Kurikulum pendidikan disesuaikan dengan konteks lokal. Peserta tidak hanya dibekali pengetahuan hukum kepemiluan, tetapi juga pemahaman tentang dinamika politik lokal Sulteng, pola-pola pelanggaran yang sering terjadi di daerah, hingga strategi komunikasi yang efektif dengan mempertimbangkan keragaman bahasa dan budaya di Sulteng.
Urgensi di Masa Non-Tahapan
Masa non-tahapan adalah momentum emas untuk membangun kesadaran kolektif.
Ketika masyarakat sudah teredukasi sebelum tahapan dimulai, mereka tidak akan mudah termakan isu SARA, berita HOAX, dan tentunya secara tegas menyatakan menolak segala bentuk aktifitas politik uang, serta tidak akan diam ketika melihat adanya penyalahgunaan fasilitas negara untuk kepentingan elit politik.
Dengan membangun kapasitas masyarakat sebagai pengawas yang kritis dan mandiri sebelum tahapan pemilu, risiko manipulasi politik yang bersifat destruktif seperti polarisasi berbasis SARA, persebaran informasi palsu, dan praktik black campaign dapat diminimalisir secara signifikan.
Pendekatan ini sejalan dengan teori partisipasi demokratis yang menyatakan bahwa kualitas demokrasi sangat bergantung pada tingkat literasi politik dan kesadaran kolektif masyarakat sebagai pilar utama kontrol sosial terhadap penyelenggara pemilu dan elit politik.

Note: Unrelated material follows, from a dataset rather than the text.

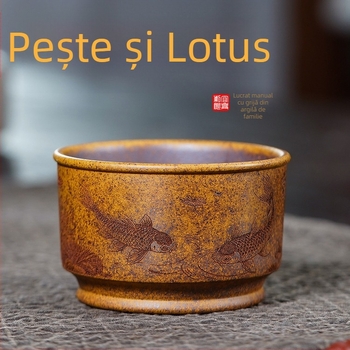 Ceșcuță de ceai Yixing din lut purpuriu – lucrată manual, motiv pește și frunză de lotus, detalii cu nisip auriu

Membangun Ekosistem Demokrasi Sulteng yang Berkelanjutan
Pengawasan partisipatif adalah tentang membangun ekosistem demokrasi yang berkelanjutan.
Ini bukan proyek jangka pendek yang berakhir setelah satu periode pemilu, melainkan bagian dari ikhtiar Bawaslu Sulteng dalam membangun investasi sosial yang akan terus memberikan return dalam bentuk kualitas demokrasi yang lebih baik.
Ketika masyarakat memahami bahwa mereka adalah pemilik sejati kedaulatan, mereka akan menjaga demokrasi dengan penuh tanggung jawab.
Ketika masyarakat menyadari bahwa pemilu yang berkualitas adalah hak mereka, mereka akan menolak segala bentuk manipulasi, dan ketika masyarakat terorganisir dalam jejaring pengawasan partisipatif, tidak ada ruang bagi praktik-praktik curang untuk tumbuh subur.
Penutup: Panggilan untuk Berpartisipasi
Demokrasi yang kuat akan menghasilkan Pemilu/Pemilihan yang berintegritas, jujur, adil dan bermartabat.
Tentunya untuk mewujudkan semua itu harusnya menjadi tanggung jawab bersama.
Tidak ada lembaga sehebat apapun yang mampu menjaga demokrasi sendirian tanpa dukungan aktif warga negara.
Oleh sebab itu, Bawaslu Sulteng tak pernah berhenti untuk selalu mengajak seluruh elemen masyarakat untuk terlibat aktif dalam pengawasan yang partisipatif.
Bagi pemuda, ini adalah kesempatan untuk berkontribusi nyata bagi negara.
Bagi akademisi, ini adalah arena untuk mengaplikasikan disiplin keilmuan dalam melihat fenomena dan berkontribusi dalam kemajuan demokrasi.
Bagi tokoh masyarakat, ini adalah panggilan untuk menjadi teladan.
Dan bagi setiap warga negara, ini adalah kewajiban konstitusional yang mulia.
Mari kita kawal bersama demokrasi Indonesia dan Sulawesi Tengah pada khususnya.
Karena demokrasi yang kuat dimulai dari warga yang sadar dan berpartisipasi aktif, dan pengawasan pemilu yang efektif dimulai jauh sebelum hari pemungutan suara dimulai dari kesadaran yang kita bangun hari ini, di masa non-tahapan.